Le regard sur le Pacifique est confirmé avec le développement de portes d’entrées et d’équipements portuaires et aéroportuaires. Les routes maritimes y sont très importantes : la route transatlantique (entre l’Europe et l’Amérique du Nord) est à 3,5 millions d’EVP (équivalent vingt-pieds) pour le tonnage de produits conteneurisés contre 13 millions d’EVP pour la route transpacifique entre l’Asie et l’Amérique du Nord ! Les marchandises transportées sont diverses : l’Amérique du Nord reçoit surtout du transport de vrac tandis que l’Asie s’approvisionne en matières premières et minerais (fer brésilien, cuivre chilien, productions agricoles…). Une ouverture sur l’Asie peut représenter une véritable opportunité pour certains pays. Le Venezuela s’est notamment réjoui de l’élargissement du canal de Panama en 2016, permettant le passage de navires pétroliers à destination de l’Asie, et élargissant potentiellement son portefeuille de clients.

Le Pacifique comprend également des routes régionales qui mettent en relation l’Océanie et l’Asie orientale pour divers produits tels que les minerais (le fer et les céréales australiennes par exemple) et qui encouragent l’établissement d’une Division régionale du travail entre les différents Etats riverains.

Une coopération économique et commerciale évolutive

 Les acteurs régionaux se sont eux-mêmes prononcés en faveur d’une intégration poussée à la mondialisation, avec l’établissement en 1989 de l’APEC (Coopération économique pour l’Asie-Pacifique). Le forum, dont le but initial est d’améliorer la croissance et la prospérité de la zone, a travaillé afin de réduire les entraves aux échanges commerciaux. Il s’agit du seul groupe intergouvernemental dans le monde qui fonctionne selon des engagements non contraignants : aucun traité n’engage ses membres.

Pourtant, l’APEC a un poids majeur. Son fonctionnement peut sembler compliqué car les 21 pays qu’il réunit sont très hétérogènes, de la Russie à la Thaïlande en passant par la Papouasie-Nouvelle-Guinée et les Etats-Unis. Ce groupe concentre à lui seul 2,7 milliards d’habitants (soit 40% de la population mondiale), 47% du commerce international et 60% du PIB. Sa diversité est une force puisqu’elle permet une complémentarité entre certains de ses membres : on y trouve les trois premières puissances économiques mondiales, mais aussi des exportateurs de matières premières (Brunei pour le pétrole, l’Indonésie pour le charbon, le Chili pour le cuivre…) et des pays d’assemblage (Vietnam).

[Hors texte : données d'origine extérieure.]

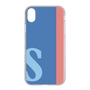 Slim Protection Case［ Original - initial color line - S blue ］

Les sommets de l’APEC qui se sont déroulés ces dernières années ont par ailleurs fortement contribué à attirer l’attention sur le dynamisme économique et commercial de la zone Asie Pacifique, et alerté certains Etats sur le déplacement effectif du centre de gravité économique vers l’Asie.

L’accord de partenariat transpacifique, signé le 4 février 2016, vise à intégrer plus profondément encore les régions Asie-Pacifique et Amérique. Les négociations ont débuté en 2002 lors d’une rencontre des chefs de l’APEC, initiées par le Chili, Singapour et la Nouvelle-Zélande : les objectifs étaient alors d’atteindre en 2015 des droits de douane égaux à zéro, avec autant de mesures pour le règlement des litiges, l’application de normes phytosanitaires ou la propriété intellectuelle.

En 2008, les Etats-Unis ont encouragé de nouvelles négociations, progressivement rejointes par d’autres Etats riverains, avant d’aboutir à la signature solennelle du traité. Cette initiative a été remise en cause par Donald Trump lors de la campagne présidentielle américaine, et il a signé le 23 janvier 2017 un document désengageant les Etats-Unis du traité. Toutefois, l’accord n’est pas abandonné : le 11 novembre, onze pays d’Asie Pacifique ont abouti à un nouvel accord en marge du sommet de l’APEC à Da Nang, au Vietnam.